Ia menekankan bahwa ekspansi tidak dapat dilakukan begitu saja tanpa sistem manajemen yang solid, terutama dalam hal operasional, keuangan, dan sumber daya manusia. Menurutnya, tanpa tim yang kuat, proses scale-up akan menjadi tantangan besar.
Tantangan ini semakin terasa di industri kopi yang kini memasuki fase red ocean. Dalam kondisi seperti ini, banyak brand kopi mulai mencari cara untuk bertahan dan berkembang tanpa terbebani oleh tingginya model ekspansi.
Salah satu solusi yang banyak diadopsi adalah franchise, seperti yang dilakukan Titik Koma. Dengan model ini, sebuah brand dapat memperluas jangkauan modal yang lebih terdistribusi, sementara mitra franchisee mendapatkan keuntungan dari sistem yang sudah teruji.
Steve Hidayat, ketua umum Perkumpulan Profesional & Inovator Kopi Indonesia (PaPIKI), menyebut franchise sebagai pendorong utama pertumbuhan bisnis kopi.
“Di sektor hilir, angka rata-rata konsumsi kopi per orang Indonesia masih lebih rendah dibandingkan negara lain. Dengan sistem franchise, pertumbuhan bisnis kopi, terutama coffee shop, sangat terbantu dan berkembang pesat,” ujar Steve.
Namun, seiring dengan meningkatnya jumlah pemain di industri ini, Steve juga menekankan pentingnya inovasi dan diferensiasi untuk menghadapi persaingan yang semakin ketat. Misalnya, memperkenalkan proses penyangraian unik atau memiliki konsep bisnis yang berbeda, seperti memberdayakan tenaga kerja dari kelompok tertentu.

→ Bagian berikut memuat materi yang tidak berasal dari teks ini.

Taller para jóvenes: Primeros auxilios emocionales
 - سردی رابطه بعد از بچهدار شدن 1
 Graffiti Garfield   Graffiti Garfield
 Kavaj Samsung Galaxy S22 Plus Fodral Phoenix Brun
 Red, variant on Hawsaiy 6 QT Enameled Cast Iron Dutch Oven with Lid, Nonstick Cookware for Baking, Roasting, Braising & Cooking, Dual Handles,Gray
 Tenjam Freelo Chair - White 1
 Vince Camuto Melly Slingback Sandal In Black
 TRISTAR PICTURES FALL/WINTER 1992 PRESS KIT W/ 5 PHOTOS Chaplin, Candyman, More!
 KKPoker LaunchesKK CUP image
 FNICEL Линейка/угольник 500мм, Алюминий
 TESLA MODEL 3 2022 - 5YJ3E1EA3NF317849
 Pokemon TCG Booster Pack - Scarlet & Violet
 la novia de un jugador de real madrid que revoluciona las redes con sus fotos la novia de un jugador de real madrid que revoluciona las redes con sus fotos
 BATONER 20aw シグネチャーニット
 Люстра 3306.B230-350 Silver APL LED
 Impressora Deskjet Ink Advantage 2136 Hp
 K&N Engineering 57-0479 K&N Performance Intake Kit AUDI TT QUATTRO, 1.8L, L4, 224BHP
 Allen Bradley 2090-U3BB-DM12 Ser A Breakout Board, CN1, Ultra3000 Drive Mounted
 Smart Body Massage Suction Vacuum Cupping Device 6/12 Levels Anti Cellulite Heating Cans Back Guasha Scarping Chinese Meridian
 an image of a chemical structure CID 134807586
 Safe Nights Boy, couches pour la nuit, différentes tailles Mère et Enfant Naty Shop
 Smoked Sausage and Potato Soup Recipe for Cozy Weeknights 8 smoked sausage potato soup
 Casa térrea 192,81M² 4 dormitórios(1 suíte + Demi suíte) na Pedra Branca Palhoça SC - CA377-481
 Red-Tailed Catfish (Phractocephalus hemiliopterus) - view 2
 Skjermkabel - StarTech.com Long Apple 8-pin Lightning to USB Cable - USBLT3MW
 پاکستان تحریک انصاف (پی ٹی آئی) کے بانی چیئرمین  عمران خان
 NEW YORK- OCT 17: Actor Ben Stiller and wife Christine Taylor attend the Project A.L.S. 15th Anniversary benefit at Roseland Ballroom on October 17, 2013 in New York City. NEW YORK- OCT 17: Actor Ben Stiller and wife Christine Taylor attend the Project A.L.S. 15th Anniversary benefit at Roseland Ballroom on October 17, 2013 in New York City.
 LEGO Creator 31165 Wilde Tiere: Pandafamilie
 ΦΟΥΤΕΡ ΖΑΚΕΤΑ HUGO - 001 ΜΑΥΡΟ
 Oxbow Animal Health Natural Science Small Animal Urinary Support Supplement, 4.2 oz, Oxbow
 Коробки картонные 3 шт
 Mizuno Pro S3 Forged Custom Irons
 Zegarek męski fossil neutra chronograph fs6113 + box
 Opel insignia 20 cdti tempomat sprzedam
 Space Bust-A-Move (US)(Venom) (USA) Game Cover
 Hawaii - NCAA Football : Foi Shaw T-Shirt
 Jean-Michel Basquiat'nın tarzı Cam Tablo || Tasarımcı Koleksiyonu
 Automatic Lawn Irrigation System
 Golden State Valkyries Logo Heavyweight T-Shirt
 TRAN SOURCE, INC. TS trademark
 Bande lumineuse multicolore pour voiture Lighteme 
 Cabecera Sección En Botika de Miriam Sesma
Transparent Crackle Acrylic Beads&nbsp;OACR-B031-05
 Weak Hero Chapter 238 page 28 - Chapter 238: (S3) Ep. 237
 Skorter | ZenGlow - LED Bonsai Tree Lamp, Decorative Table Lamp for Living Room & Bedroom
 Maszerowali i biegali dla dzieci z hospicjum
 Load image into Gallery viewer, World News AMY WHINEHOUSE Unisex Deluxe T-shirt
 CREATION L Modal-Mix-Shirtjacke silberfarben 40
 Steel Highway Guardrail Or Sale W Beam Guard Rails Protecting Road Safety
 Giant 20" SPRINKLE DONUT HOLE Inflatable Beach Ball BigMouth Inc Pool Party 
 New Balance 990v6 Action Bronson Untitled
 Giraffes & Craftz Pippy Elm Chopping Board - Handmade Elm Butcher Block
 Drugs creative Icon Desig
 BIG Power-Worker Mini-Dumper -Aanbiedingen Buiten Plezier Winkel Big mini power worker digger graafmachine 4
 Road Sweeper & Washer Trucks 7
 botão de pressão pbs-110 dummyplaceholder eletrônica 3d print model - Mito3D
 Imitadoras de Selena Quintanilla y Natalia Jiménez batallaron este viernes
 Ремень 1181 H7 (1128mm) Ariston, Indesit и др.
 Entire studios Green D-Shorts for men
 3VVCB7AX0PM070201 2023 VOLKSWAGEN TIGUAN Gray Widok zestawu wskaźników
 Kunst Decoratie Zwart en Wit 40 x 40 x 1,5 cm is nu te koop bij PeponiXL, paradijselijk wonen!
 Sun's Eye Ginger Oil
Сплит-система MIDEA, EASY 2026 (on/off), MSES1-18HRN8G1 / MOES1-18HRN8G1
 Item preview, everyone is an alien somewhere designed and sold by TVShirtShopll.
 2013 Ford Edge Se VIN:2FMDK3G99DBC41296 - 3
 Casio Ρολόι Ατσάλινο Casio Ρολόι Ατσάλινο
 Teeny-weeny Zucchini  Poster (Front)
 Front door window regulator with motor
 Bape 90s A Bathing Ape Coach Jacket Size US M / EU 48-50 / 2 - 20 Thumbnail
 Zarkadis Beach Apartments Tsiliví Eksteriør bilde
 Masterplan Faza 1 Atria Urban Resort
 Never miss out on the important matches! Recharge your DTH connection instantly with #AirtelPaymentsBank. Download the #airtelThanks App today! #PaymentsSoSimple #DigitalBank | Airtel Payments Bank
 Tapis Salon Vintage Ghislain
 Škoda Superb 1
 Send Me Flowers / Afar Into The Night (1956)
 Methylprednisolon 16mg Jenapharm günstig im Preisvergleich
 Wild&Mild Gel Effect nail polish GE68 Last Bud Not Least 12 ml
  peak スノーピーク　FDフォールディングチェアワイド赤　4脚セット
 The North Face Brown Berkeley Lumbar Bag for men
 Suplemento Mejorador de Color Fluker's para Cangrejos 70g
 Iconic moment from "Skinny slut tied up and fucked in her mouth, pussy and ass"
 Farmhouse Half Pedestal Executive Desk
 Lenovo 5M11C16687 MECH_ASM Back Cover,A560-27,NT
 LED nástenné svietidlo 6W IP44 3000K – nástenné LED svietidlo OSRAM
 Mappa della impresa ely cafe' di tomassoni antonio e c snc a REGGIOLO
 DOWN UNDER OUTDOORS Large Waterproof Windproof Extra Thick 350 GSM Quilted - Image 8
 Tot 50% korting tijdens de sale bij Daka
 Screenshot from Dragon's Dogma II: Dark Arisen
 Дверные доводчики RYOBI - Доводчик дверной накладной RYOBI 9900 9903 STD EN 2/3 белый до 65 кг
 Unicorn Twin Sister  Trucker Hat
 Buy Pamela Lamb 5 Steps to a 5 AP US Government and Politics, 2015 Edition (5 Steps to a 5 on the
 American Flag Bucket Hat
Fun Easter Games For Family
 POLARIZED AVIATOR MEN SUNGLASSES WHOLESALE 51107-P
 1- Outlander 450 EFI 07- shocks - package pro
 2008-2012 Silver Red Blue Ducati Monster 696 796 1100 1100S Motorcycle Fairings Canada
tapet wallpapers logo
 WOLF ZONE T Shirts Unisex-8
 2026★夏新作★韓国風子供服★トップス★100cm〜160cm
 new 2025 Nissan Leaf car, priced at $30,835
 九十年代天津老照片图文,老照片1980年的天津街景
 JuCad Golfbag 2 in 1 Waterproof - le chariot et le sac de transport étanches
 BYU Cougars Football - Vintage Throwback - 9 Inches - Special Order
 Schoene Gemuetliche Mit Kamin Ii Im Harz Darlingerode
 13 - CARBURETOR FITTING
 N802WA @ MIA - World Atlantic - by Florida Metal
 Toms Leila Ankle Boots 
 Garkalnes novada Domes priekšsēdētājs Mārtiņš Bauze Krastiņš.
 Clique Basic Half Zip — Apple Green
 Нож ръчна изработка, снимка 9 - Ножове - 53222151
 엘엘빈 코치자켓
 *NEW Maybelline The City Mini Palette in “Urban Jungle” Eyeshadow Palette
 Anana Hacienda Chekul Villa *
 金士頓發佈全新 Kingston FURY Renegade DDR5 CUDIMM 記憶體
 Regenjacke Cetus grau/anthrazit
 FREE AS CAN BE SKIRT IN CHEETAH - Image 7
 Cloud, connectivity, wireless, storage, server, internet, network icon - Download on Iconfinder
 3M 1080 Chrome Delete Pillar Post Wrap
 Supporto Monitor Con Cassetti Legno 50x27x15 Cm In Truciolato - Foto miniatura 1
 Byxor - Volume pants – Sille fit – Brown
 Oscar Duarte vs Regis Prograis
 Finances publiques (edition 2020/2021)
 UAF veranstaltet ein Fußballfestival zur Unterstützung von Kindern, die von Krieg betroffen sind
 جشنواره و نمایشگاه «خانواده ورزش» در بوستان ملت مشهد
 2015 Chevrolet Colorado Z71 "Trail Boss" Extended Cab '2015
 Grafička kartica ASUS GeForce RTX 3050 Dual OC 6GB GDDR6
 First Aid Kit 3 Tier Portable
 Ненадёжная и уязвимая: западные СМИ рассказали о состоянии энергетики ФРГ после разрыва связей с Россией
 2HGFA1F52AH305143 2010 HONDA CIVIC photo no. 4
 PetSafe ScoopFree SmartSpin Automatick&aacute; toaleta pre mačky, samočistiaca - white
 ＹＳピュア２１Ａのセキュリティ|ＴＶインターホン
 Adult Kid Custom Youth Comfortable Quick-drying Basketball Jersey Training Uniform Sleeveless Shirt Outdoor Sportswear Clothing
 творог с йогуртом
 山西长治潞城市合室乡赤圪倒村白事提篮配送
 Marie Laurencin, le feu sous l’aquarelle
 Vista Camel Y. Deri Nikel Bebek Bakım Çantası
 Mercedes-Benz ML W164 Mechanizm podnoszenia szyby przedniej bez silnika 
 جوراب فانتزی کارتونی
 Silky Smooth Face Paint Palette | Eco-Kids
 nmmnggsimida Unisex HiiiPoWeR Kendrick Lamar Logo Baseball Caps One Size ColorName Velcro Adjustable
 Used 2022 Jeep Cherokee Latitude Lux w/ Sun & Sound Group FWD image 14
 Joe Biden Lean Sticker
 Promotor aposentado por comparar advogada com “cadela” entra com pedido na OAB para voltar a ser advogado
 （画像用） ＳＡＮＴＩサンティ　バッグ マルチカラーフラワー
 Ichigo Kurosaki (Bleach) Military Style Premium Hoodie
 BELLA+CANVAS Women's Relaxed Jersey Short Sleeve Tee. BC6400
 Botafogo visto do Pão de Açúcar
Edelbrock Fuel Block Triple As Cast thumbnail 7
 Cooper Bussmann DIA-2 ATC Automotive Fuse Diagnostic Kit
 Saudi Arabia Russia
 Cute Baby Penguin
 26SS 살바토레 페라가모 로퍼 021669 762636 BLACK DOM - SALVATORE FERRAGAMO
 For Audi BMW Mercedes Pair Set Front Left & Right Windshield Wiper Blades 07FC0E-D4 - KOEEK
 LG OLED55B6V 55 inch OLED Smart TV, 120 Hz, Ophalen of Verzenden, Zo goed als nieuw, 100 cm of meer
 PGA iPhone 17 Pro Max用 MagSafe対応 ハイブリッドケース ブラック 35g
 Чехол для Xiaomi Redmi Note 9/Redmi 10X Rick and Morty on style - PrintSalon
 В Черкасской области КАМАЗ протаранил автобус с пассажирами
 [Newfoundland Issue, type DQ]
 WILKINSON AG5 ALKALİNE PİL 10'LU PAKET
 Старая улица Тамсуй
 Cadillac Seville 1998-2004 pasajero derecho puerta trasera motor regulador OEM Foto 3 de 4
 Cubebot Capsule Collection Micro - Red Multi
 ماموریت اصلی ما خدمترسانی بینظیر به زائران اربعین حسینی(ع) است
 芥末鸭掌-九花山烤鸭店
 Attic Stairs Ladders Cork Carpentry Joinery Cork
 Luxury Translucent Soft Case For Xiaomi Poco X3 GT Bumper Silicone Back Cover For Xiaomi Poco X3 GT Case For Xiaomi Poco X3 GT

Strategi yang sama juga diungkapkan oleh Erwin Halim, pengamat waralaba dari Proverb Consulting. Menurutnya, untuk brand kopi lokal agar tetap relevan dan bertahan di tengah ketatnya persaingan, penting untuk fokus pada peningkatan brand awareness dan brand equity.
“Selain itu, bisnis juga perlu melakukan inovasi dari sisi nama produk, menyediakan layanan yang lebih cepat, dan harga yang lebih murah,” ucapnya.